## What is needed:
The line containing "Mardi Gras 505" and every line after it, through the end of the material: copy these exactly and nothing else, leaving pictures out.

## Data shown:

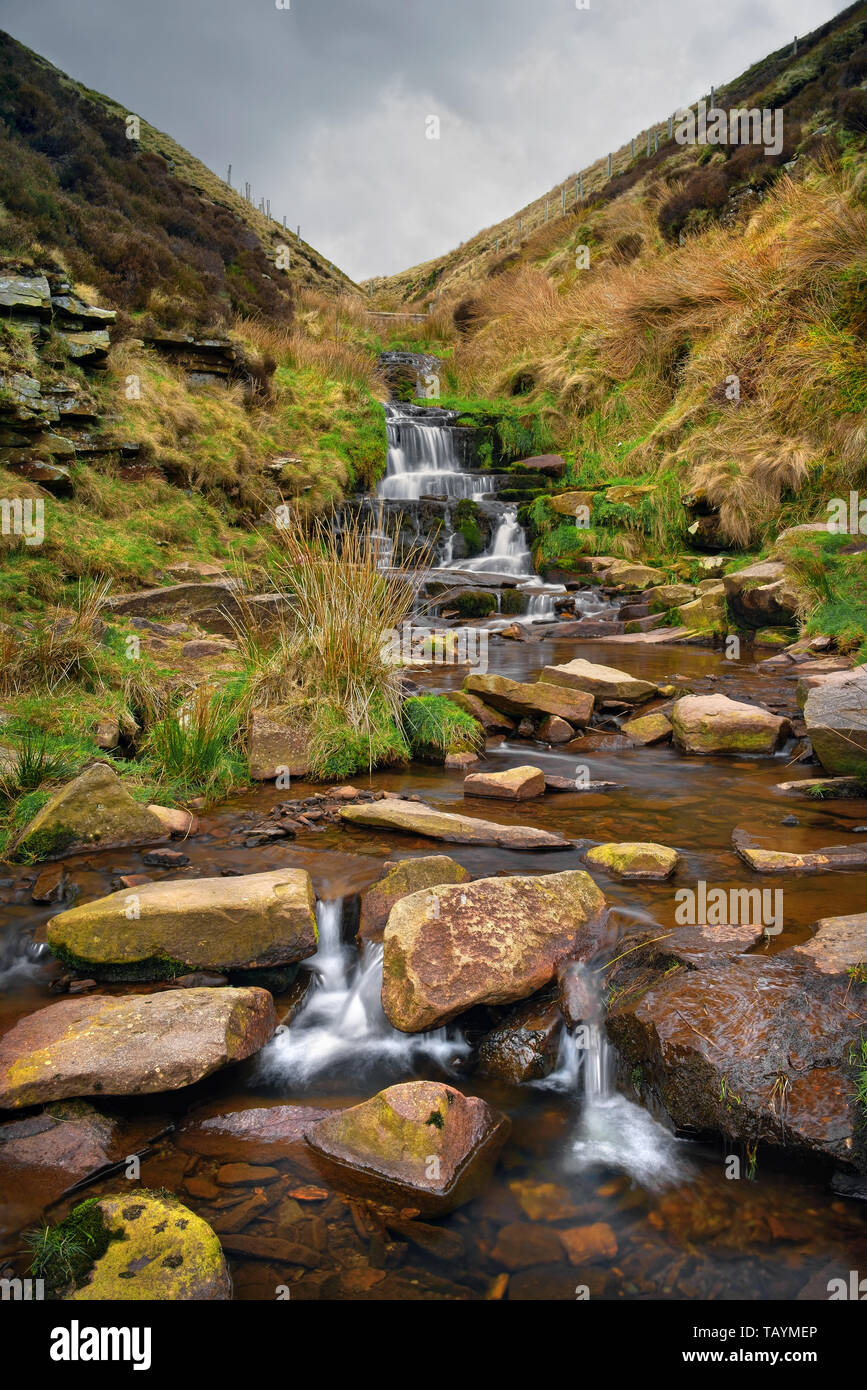 UK,Derbyshire,Peak District,Nether North Grain Waterfalls Stock Photo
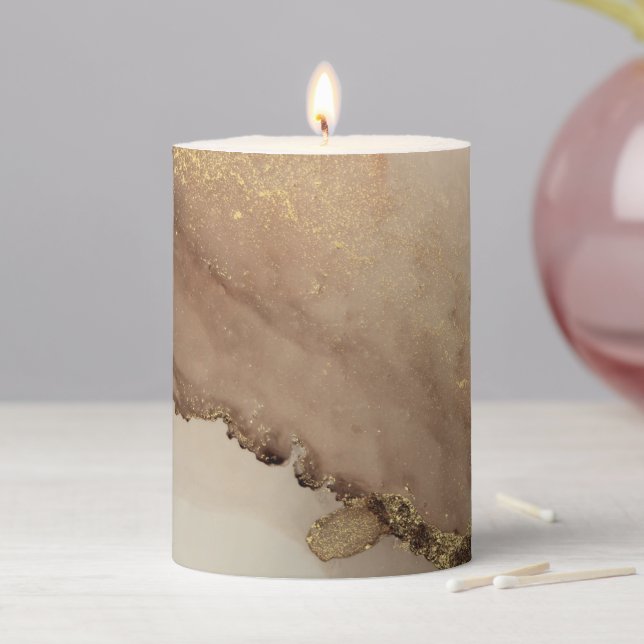 Pretty Gold Light Marble Pillar Candle (In Situ)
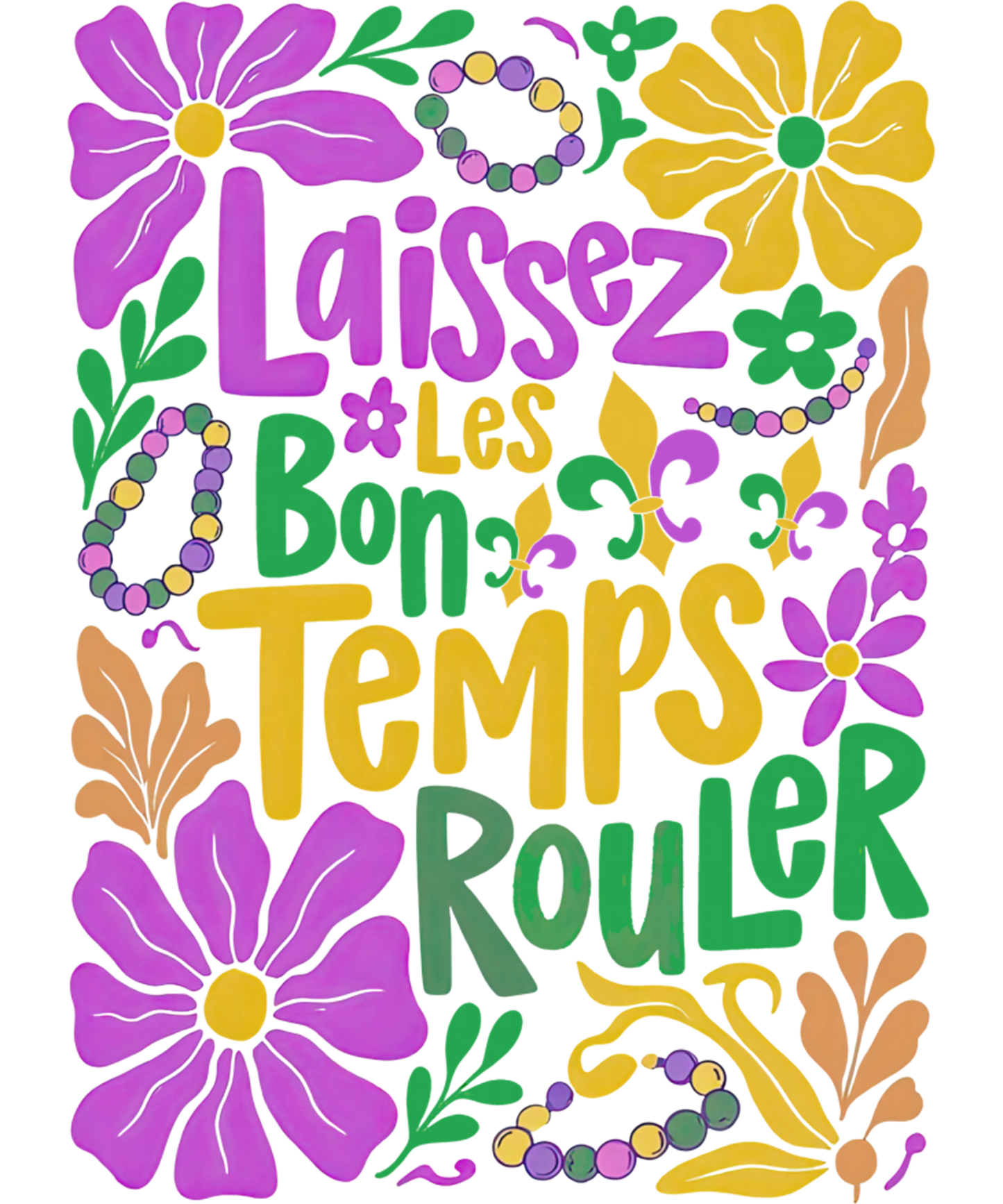 Mardi Gras 505 - Laissez Les Bon Temps Rouler Boho Floral Mardi Gras Carnival Sweatshirt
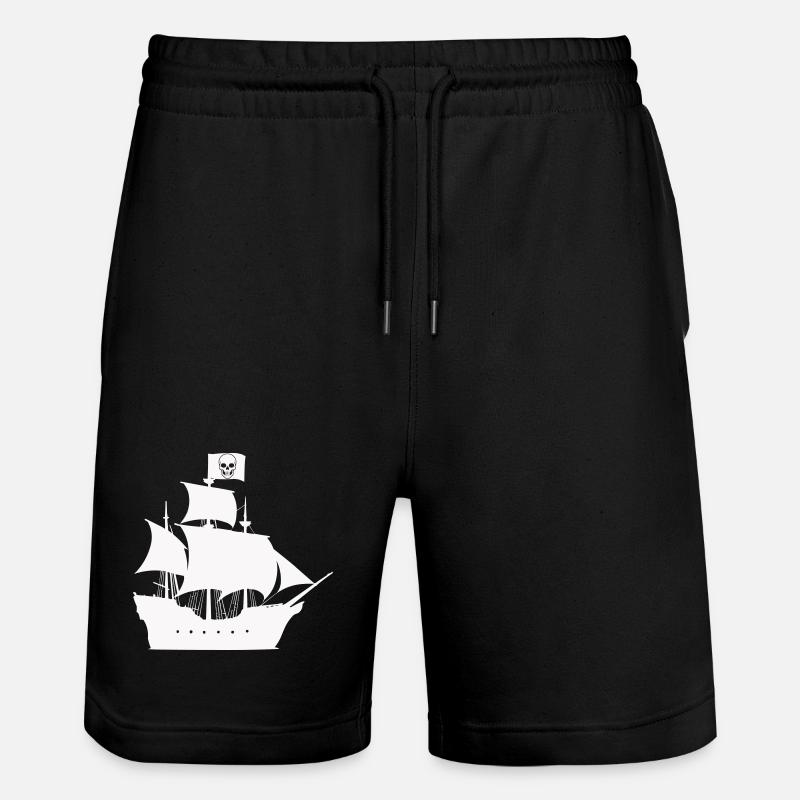 Merirosvolaivan siluetti - Stanley/Stella Trainer unisex luomu-collegeshortsit - musta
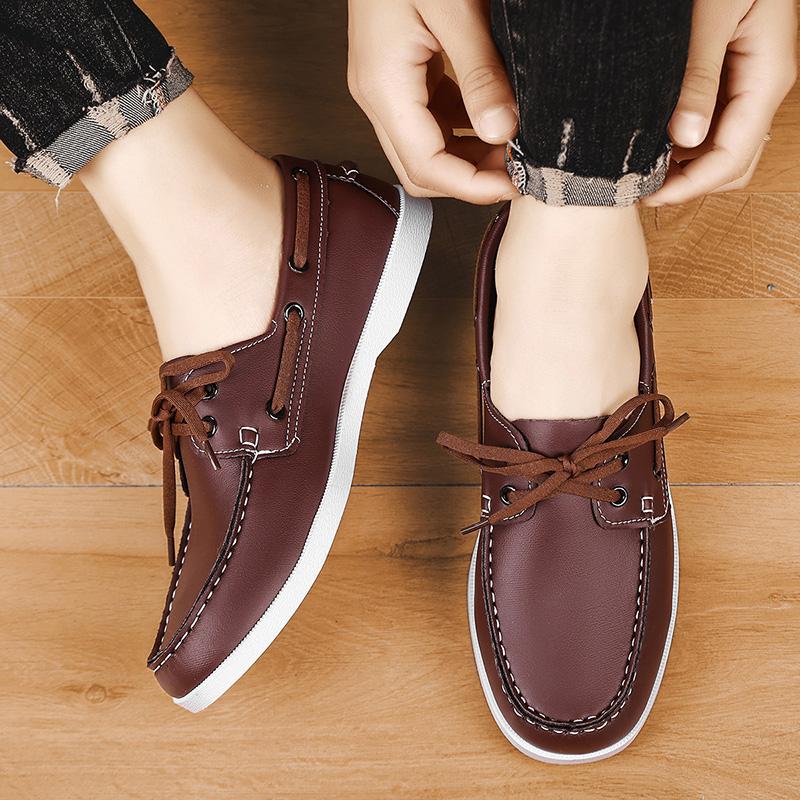 Fashion New Leather Dress Boat Shoes for Man Stylish Business Male Loafers Brand Slip On Casual Flats Moccasins Breathable Dress Shoes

## Reply:
 Mardi Gras 505 - Laissez Les Bon Temps Rouler Boho Floral Mardi Gras Carnival Sweatshirt
 Merirosvolaivan siluetti - Stanley/Stella Trainer unisex luomu-collegeshortsit - musta
 Fashion New Leather Dress Boat Shoes for Man Stylish Business Male Loafers Brand Slip On Casual Flats Moccasins Breathable Dress Shoes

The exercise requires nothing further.